Abstract

Glial cells transform glucose to a fuel substrate taken up and used by neurons. In the honeybee retina, photoreceptor neurons consume both alanine supplied by glial cells and exogenous proline. Ammonium (NH4+) and glutamate, produced and released in a stimulus-dependent manner by photoreceptor neurons, contribute to the biosynthesis of alanine in glia.
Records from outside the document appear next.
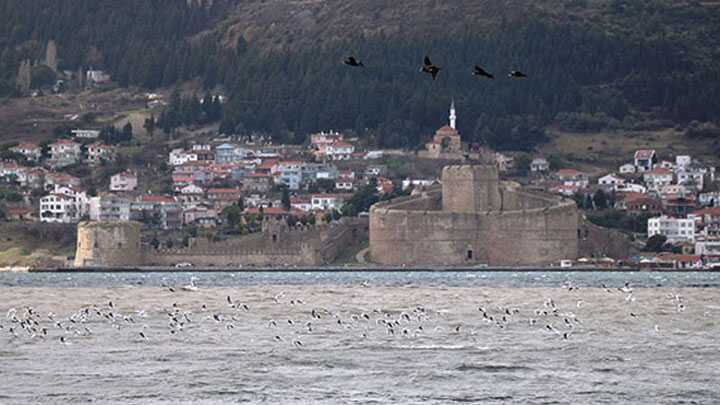 Çanakkale Boğazı'nın rengi değişti!!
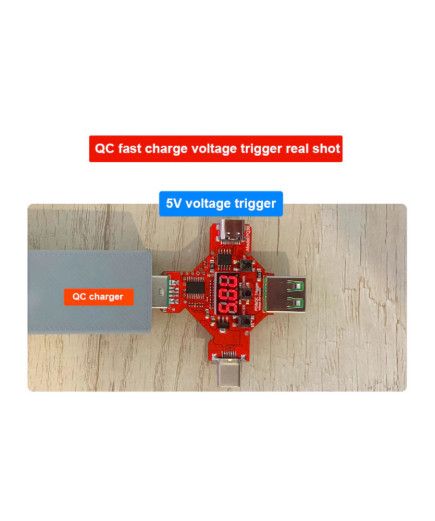 QC2.0/3.0 + PD 2.0/3.0 Тригер 5 V 9 V 12 V 15 V 20 V 2 в 1 USB Trigger PQ30 Tester Led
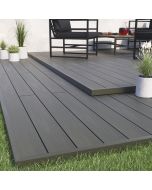 Lâmina composite Neva Premium cinza 220x14,5 cm Blooma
Here we report that NH4+ and glutamate are transported into glia and that a transient rise in the intraglial concentration of NH4+ or of glutamate causes a net increase in the level of reduced nicotinamide adenine dinucleotides [NAD(P)H]. Biochemical measurements indicate that this is attributable to activation of glycolysis in glial cells by the direct action of NH4+ and glutamate on at least two enzymatic reactions: those catalyzed by phosphofructokinase (PFK; ATP:D-fructose-6-phosphotransferase, EC2.7.1.11) and glutamate dehydrogenase (GDH; L-glutamate:NAD oxidoreductase, deaminating; EC1.4.1.3). This activation leads to an increase in the production and release of alanine by glia. This signaling, which depends on the rate of conversion of NH4+ and glutamate to alanine and alpha-ketoglutarate, respectively, in the glial cells, raises the novel possibility of a tight regulation of the nutritive function of glia.